The tightening of yields was pronounced in the most liquid segment of the debt market: government securities. We have seen 5-year G-Sec yields rise 60 basis points and 10-year yields rise 40 basis points over the past month. The above 10-year G-sec yields rose 30 to 35 basis points. However, the rise in short-term AAA-rated PSU bond yields was smaller, with five-year yields increasing by 40 basis points. The spread, which was 45 to 50 basis points before the policy, has narrowed to 20 to 25 basis points over the past month.
Yields on corporate bonds have outperformed government bonds by a decent margin in the past five months after the introduction of TLTRO (Targeted Long Term Repo) by the RBI. The total target long-term repo auction was Rs 1.12 lakh crore. This amount was to be deployed in the corporate bond market, of which at least 50% was to be purchased on secondary markets. This was done to create liquidity in the secondary corporate bond markets.
The corporate bond supply was around Rs 2.6 lakh crore, the majority of which was in the short end of the yield curve of up to five years. Mutual funds, banks and insurance companies became major buyers in the market for these papers because they met their requirements. Mutual funds received Rs 1.20 lakh crore from April, which was mostly invested in AAA rated papers.
Spreads between corporate bonds and G-Sec narrowed as banks and mutual funds competed to deploy money in those papers. The spread went from 120 basis points to 20-30 basis points up to the five-year segment. The liquidity of the banking system exceeds Rs 6 lakh crore and the Indian economy is expected to remain weak over the next 2/3 years due to the aftermath of the Covid pandemic. This situation should force the RBI to maintain an accommodative monetary policy.

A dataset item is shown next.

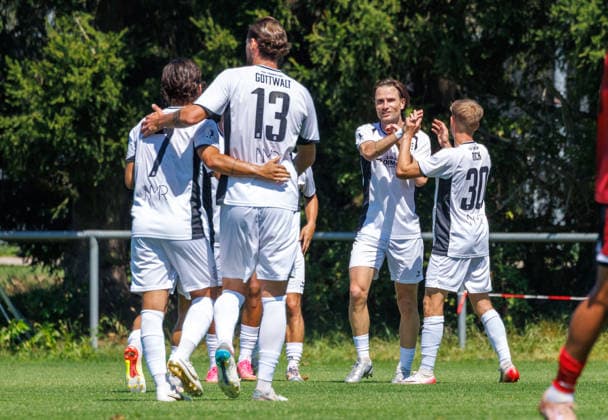 02.08.2026 - Fussball - Saison 2026 2027 - Testspiel Freundschaftsspiel Vorbereitungsspiel: 1. FC Nürnberg Nuernberg FCN ( Club ) - FSV Frankfurt - Sportfoto Zink DaMa - xdaxmax - Jubel Freude Torjubel nach Tor zum 0:1 - Cas Peters (10, FSV Frankfurt ) und Mannschaft Team jubelt freut sich - Torschütze: Cas Peters (10, FSV Frankfurt ) *** August 2, 2026 Soccer Season 2026–2027 Exhibition Match Friendly Match Preseason Match 1. FC Nürnberg Nuremberg FCN Club FSV Frankfurt Sports Photo Zink DaMa xdaxmax Celebration Joy Goal Celebration after the 0–1 Goal by Cas Peters 10, FSV Frankfurt and the team celebrate; goal scorer Cas Peters 10, FSV Frankfurt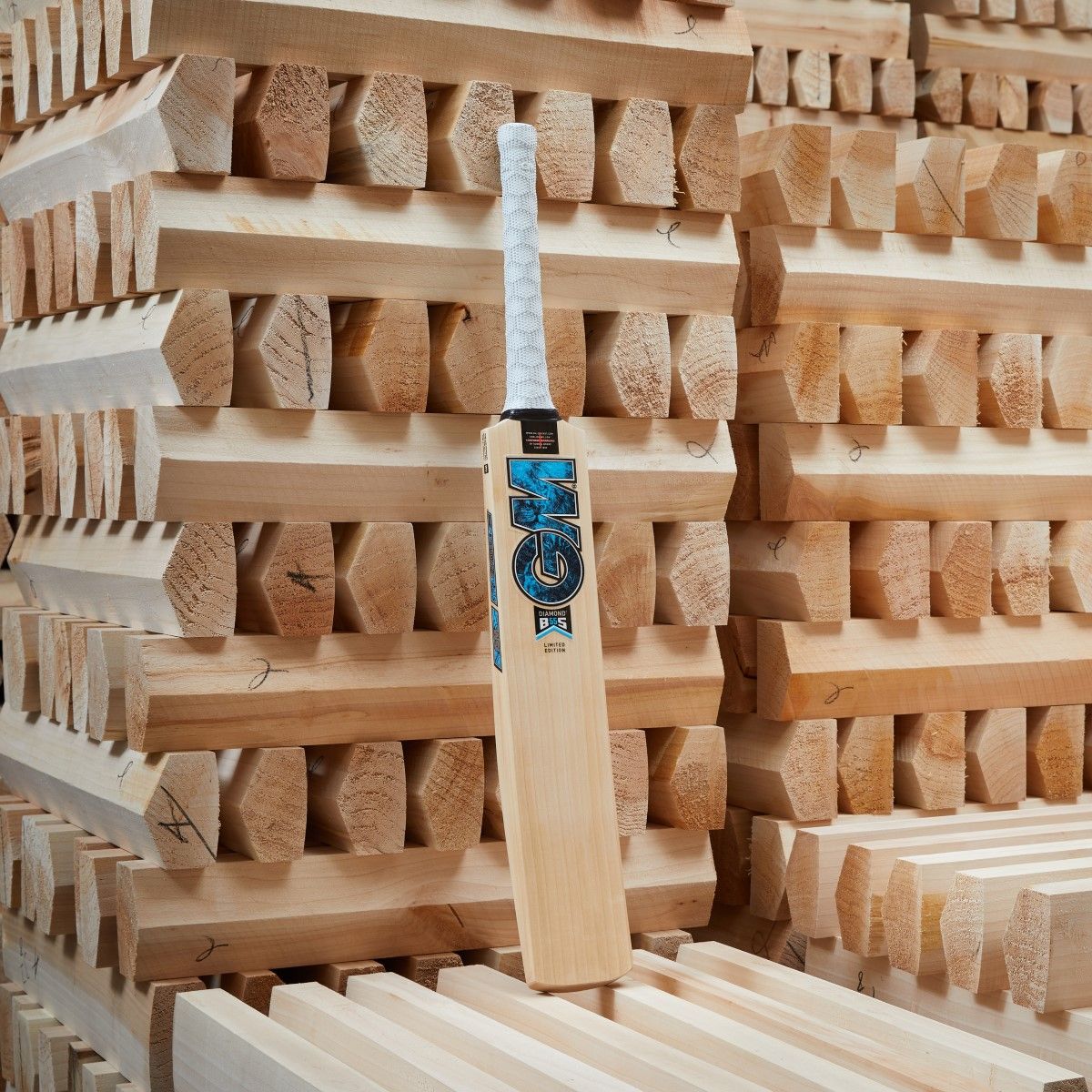 GM Diamond DXM 909 Senior Cricket Bat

Corporate bond rates are still attractive for companies to borrow, even when yields have risen 30 to 40 basis points in different segments of the yield curve. The MCLR minimum rates that banks charge are above the 7 percent level, and these rates are not expected to drop significantly from those levels. Corporations still have an interest rate differential of 100 to 175 basis points against the banks’ MCLR rates. Companies are expected to borrow more in the debt market as a result of this arbitrage and reduce their borrowing costs.
After the August 6, 2020 monetary policy meeting, the RBI gave conflicting signals to the markets. The bond market is used to the RBI’s intervention in the bond market, when 10-year yields are trading in the 5.90-6% band. Without the support of the RBI, Rs 20 lakh of central government borrowing will not be possible this fiscal year. RBI devalued the 10-year below 6 percent during the primary auction, after monetary policy. This was taken as a signal and the market stabilized after monetary policy. However, the RBI’s policy brief indicated the uneasiness of monetary policy members over the high CPI inflation. This led to higher yields at the primary auction and triggered the sale that followed, as the RBI delayed Operation Twist even when 10-year yields traded above the 6.20% levels. . Some traders who have bypassed the market have started asking for the 10-year yield to rise to the 7% level, where the supply and demand for government securities could match.
The RBI has started intervening in the bond market through Operation Twist for Rs 20,000 crore, and the central bank is expected to continue these operations until the 10-year yield hits the 6 level. %.
In this scenario, government securities should perform well going forward and the spread between G-Sec bonds and corporate bonds, which is currently around 30 basis points, is expected to widen.
Industrial capacity utilization was 69.3 percent in February and our economic growth rate in India for last year stood at 4.2 percent, below the potential growth rate of 6, 5 to 7 percent. Although oil inflation is expected to remain at high levels due to the increase in excise taxes, food inflation is expected to moderate in the coming months due to good monsoon rains. The gradual lifting of foreclosure restrictions is expected to lead to an increase in the supply of goods that should meet the demand for essential food items. Higher rates in the economy can be doomed and reduce the potential growth rate of the economy. We expect aggressive RBI intervention in debt markets to stabilize government bond yields over the coming months.